The goal of this project is to shed light onto the functions of CDJ3-5 in Chlamydomonas reinhardtii. We will overexpress CDJ3-5 wild-type and mutant forms lacking the conserved HPD motif in the J domain and the cysteines required for Fe-S cluster binding. These variants will be expressed also with C-terminal extensions allowing us to i) identify stably interacting proteins via affinity purification and LC-MS/MS; ii) identify transient interaction partners via proximity labeling; iii) identify bound RNA species via RIP-Chip and CLIP; iv) determine the suborganellar localization of CDJ3-5 in the chloroplast. Further, CRISPR/Cpf1 will be used to generate cdj3-5 knock-out mutants.

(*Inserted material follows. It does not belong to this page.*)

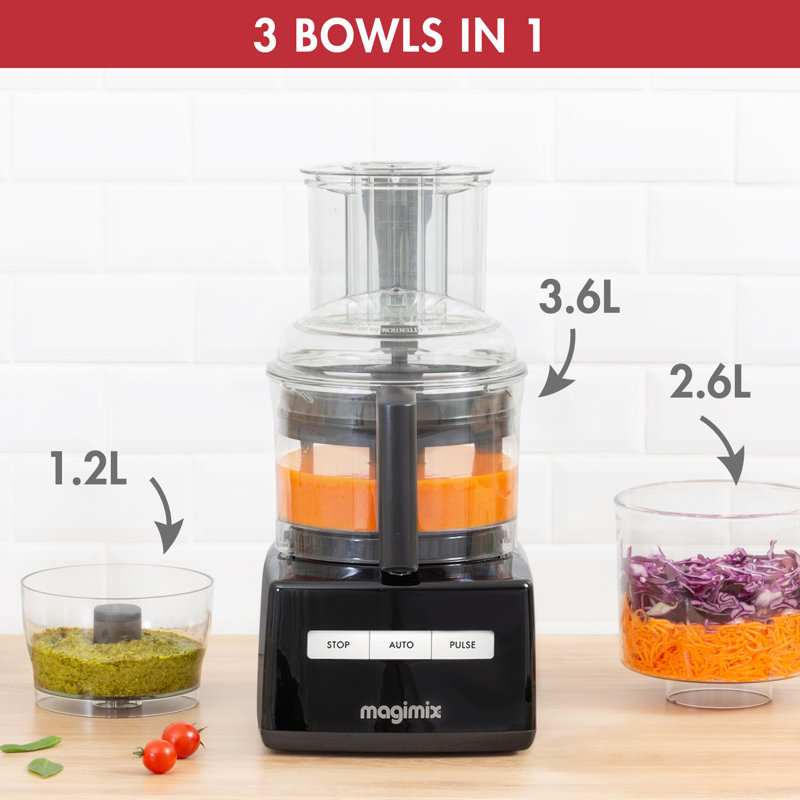 3.6L 5200XL Food Processor, Black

These and the overexpressor lines will then be subjected to quantitative shotgun proteomics based on the 15N stable isotope to identify differentially expressed proteins. Finally, the FeS cluster in CDJ5 will be analyzed by Mössbauer spectroscopy.

Collaborations

  • Antonio Pierik: proximity labeling and ESR spectroscopy
  • Thorsten Friedrich: redox titration
  • Volker Schünemann: Mössbauer spectroscopy
  • Thomas Happe: Chlamydomonas Synthetic Biology

Mössbauer spectroscopic methods to study iron-sulfur assembly, disassembly and catalysis 

Volker Schünemann
University of Kaiserslautern

The aim of this project is to contribute to the understanding of the assembly, the biosynthesis and the catalysis of iron-sulfur centers with experimental methods based on the Mössbauer effect. Thereby we want to get more insight into functional electronic, vibrational and structural properties of the iron sites in mononuclear and polynuclear iron-sulfur centers.

Using laboratory based Mössbauer spectroscopy in high fields up to 5 T we will identify ligand binding sites in a variety of iron-sulfur enzymes provided by collaboration partners within the SPP1927. These proteins have mononuclear, 2Fe-2S, 4Fe-4S centers but also more complex iron-sulfur centers like those in nitrogenase.

In addition, we will study the Fe-S cluster assembly by performing Mössbauer experiments on whole cells. Here we envisage temperature and field dependent Mössbauer spectroscopy in order to identify the iron-sulfur centers within the cells and quantify the corresponding iron-sulfur contribution in different cell lines.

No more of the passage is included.